Top of Data in this exercise
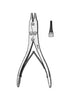 Extraction Pliers Sklar® 7 Inch Length Tungsten Carbide / Stainless Steel 2 mm Cross-Serrated Flat Nose Tips Each MK-1246927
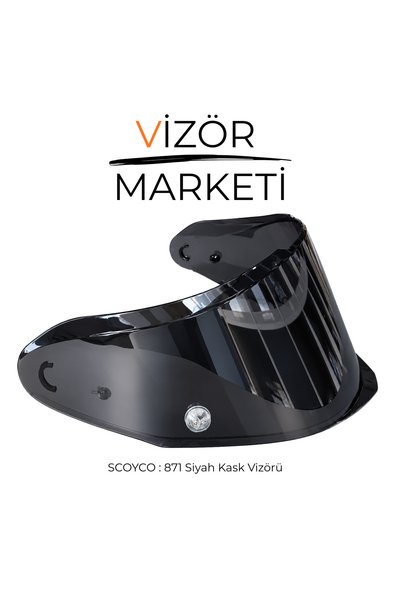 Scoyco 871 Siyah Kask Vizörü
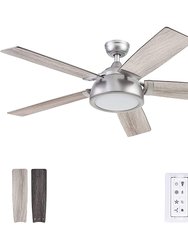 Potomac Smart Ceiling Fan with Light and Remote 52 inch - Pewter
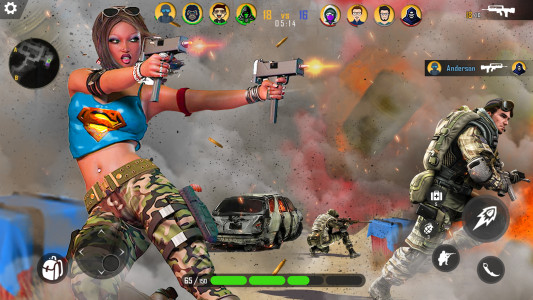 اسکرین شات 1 بازی Gun Games 3d Offline Shooting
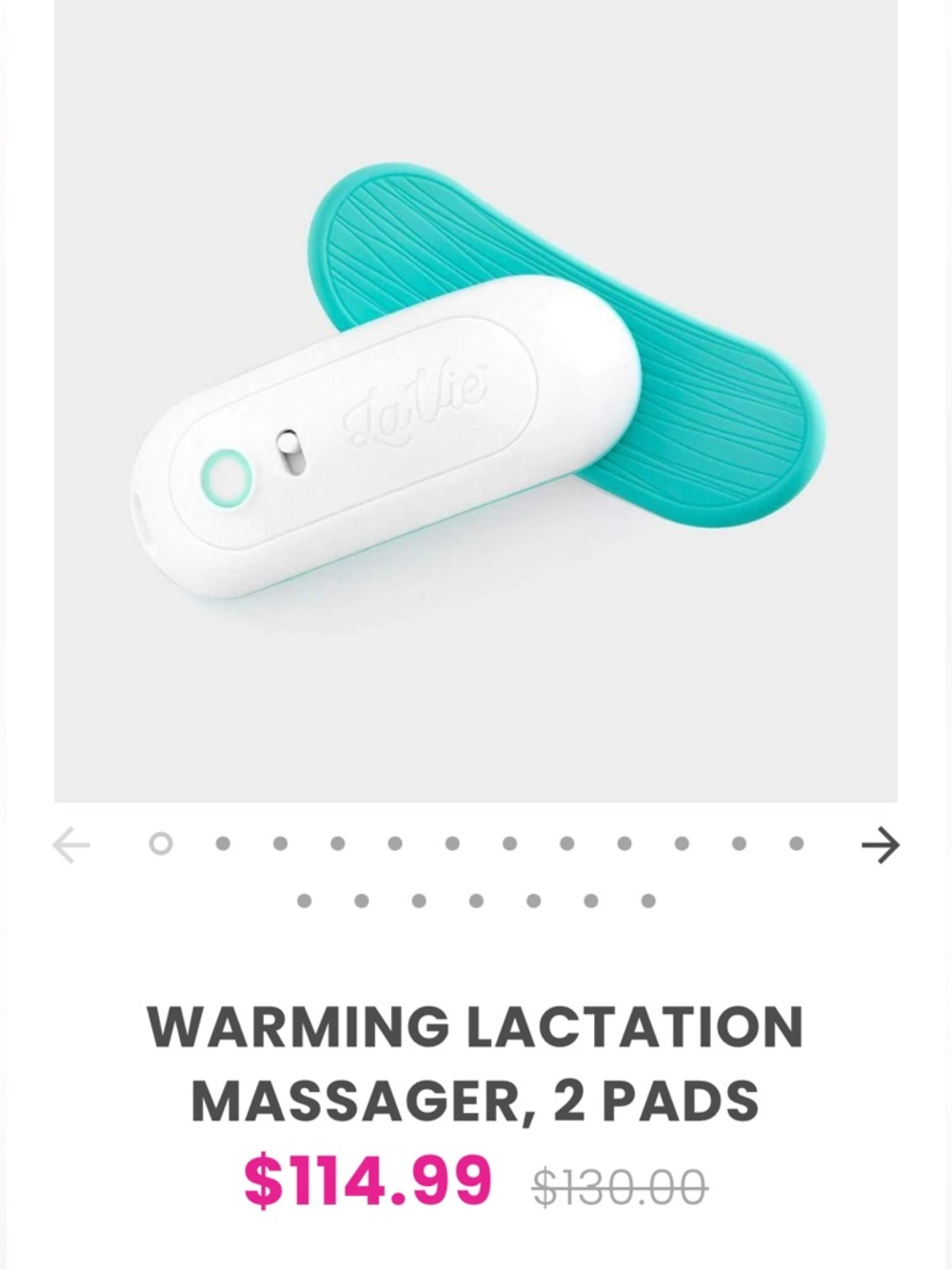 LaVie Warming Lactation Massagers (Set of 2) + Charger & Bag – NEW - Picture 3 of 12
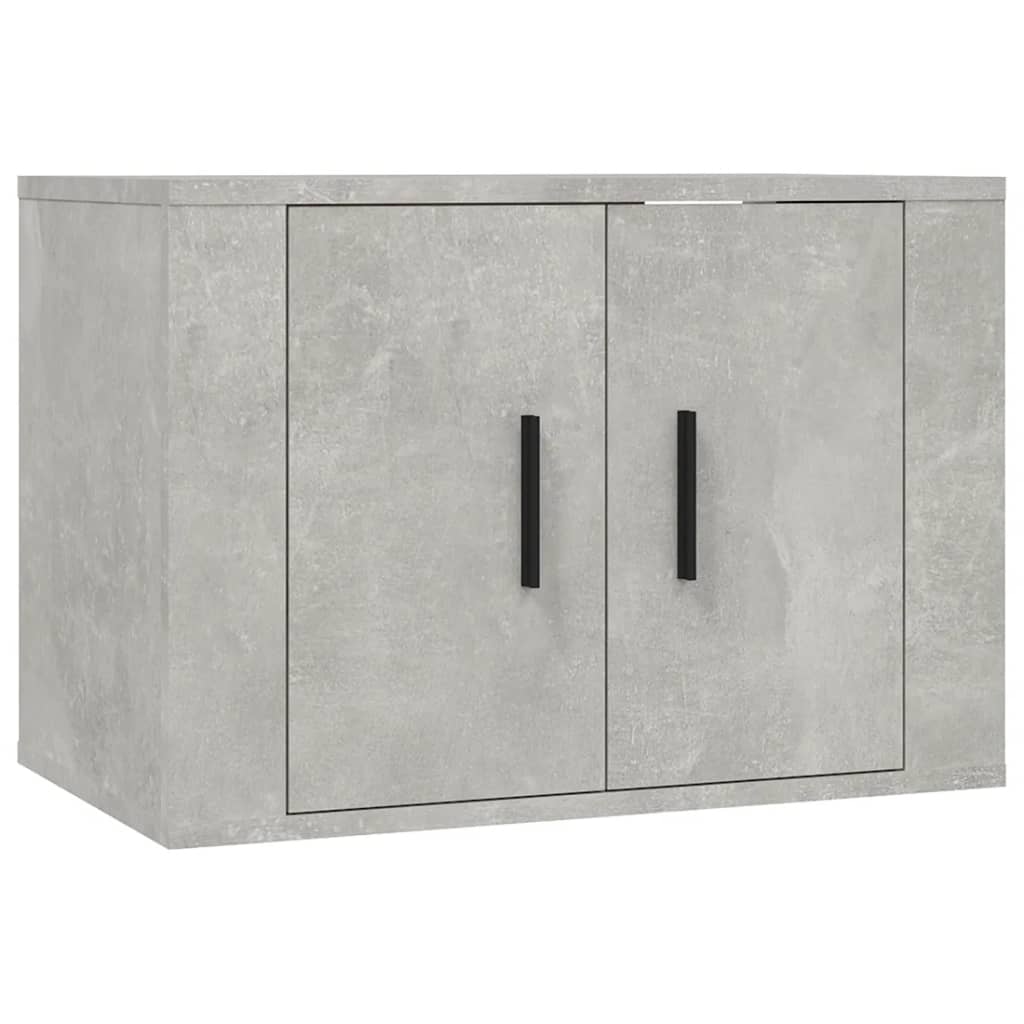 NNEVL 3 Piece TV Cabinet Set Concrete Grey Engineered Wood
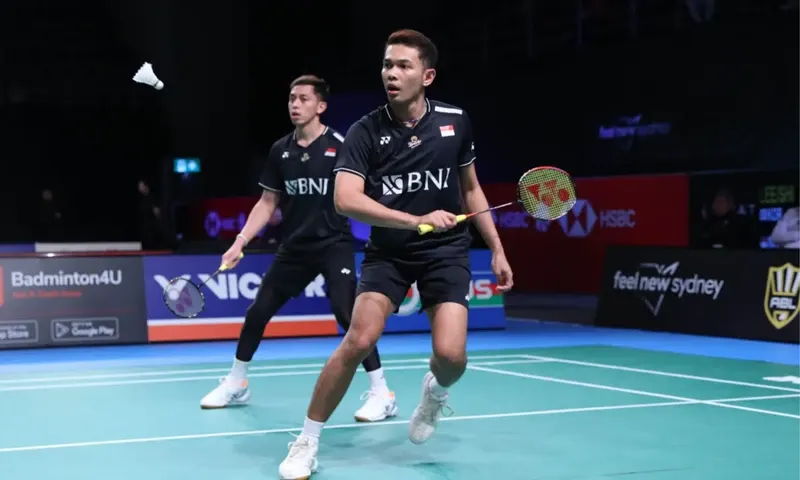 Fajar Alfian/Muhammad Rian Ardianto gagal melaju ke babak semifinal Australia Open 2023 dalam pertandingan perempat final di Quay Center, Sydney Olympic Park, Sydney pada Jumat, (04/8/2023). (Foto: PBSI)
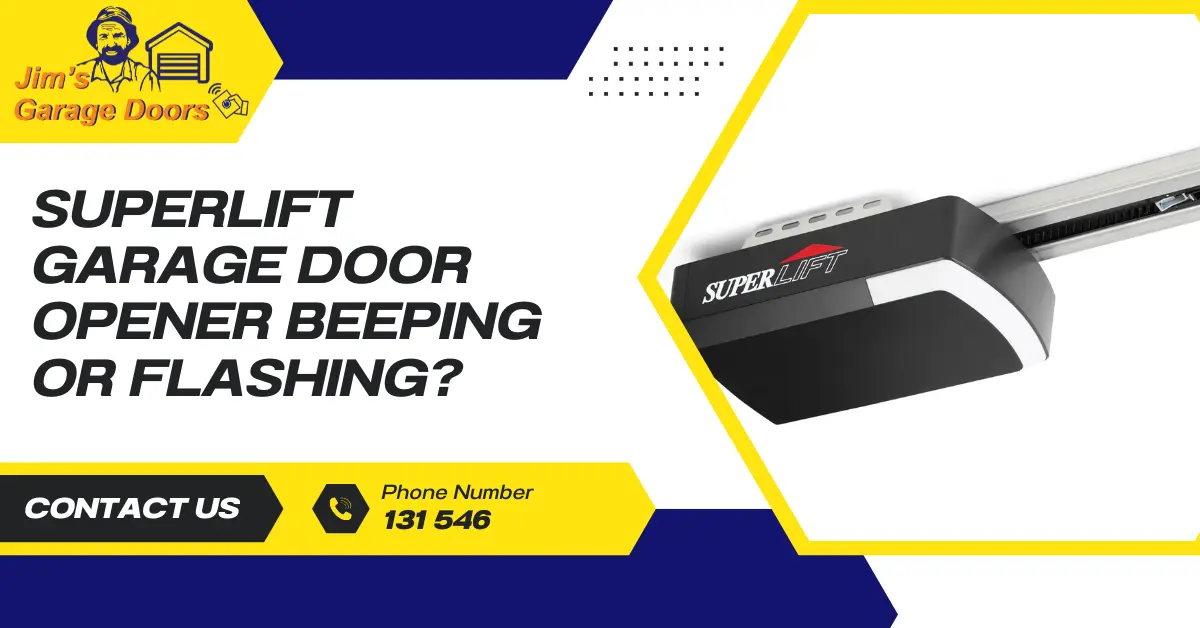 Superlift Garage Door Opener Beeping or Flashing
Bottom of Data in this exercise
◆ What the exercise asks: Set down all of the entries precisely and keep the pictures out of the copy.

◆ Response:
 Extraction Pliers Sklar® 7 Inch Length Tungsten Carbide / Stainless Steel 2 mm Cross-Serrated Flat Nose Tips Each MK-1246927
 Scoyco 871 Siyah Kask Vizörü
 Potomac Smart Ceiling Fan with Light and Remote 52 inch - Pewter
 اسکرین شات 1 بازی Gun Games 3d Offline Shooting
 LaVie Warming Lactation Massagers (Set of 2) + Charger & Bag – NEW - Picture 3 of 12
 NNEVL 3 Piece TV Cabinet Set Concrete Grey Engineered Wood
 Fajar Alfian/Muhammad Rian Ardianto gagal melaju ke babak semifinal Australia Open 2023 dalam pertandingan perempat final di Quay Center, Sydney Olympic Park, Sydney pada Jumat, (04/8/2023). (Foto: PBSI)
 Superlift Garage Door Opener Beeping or Flashing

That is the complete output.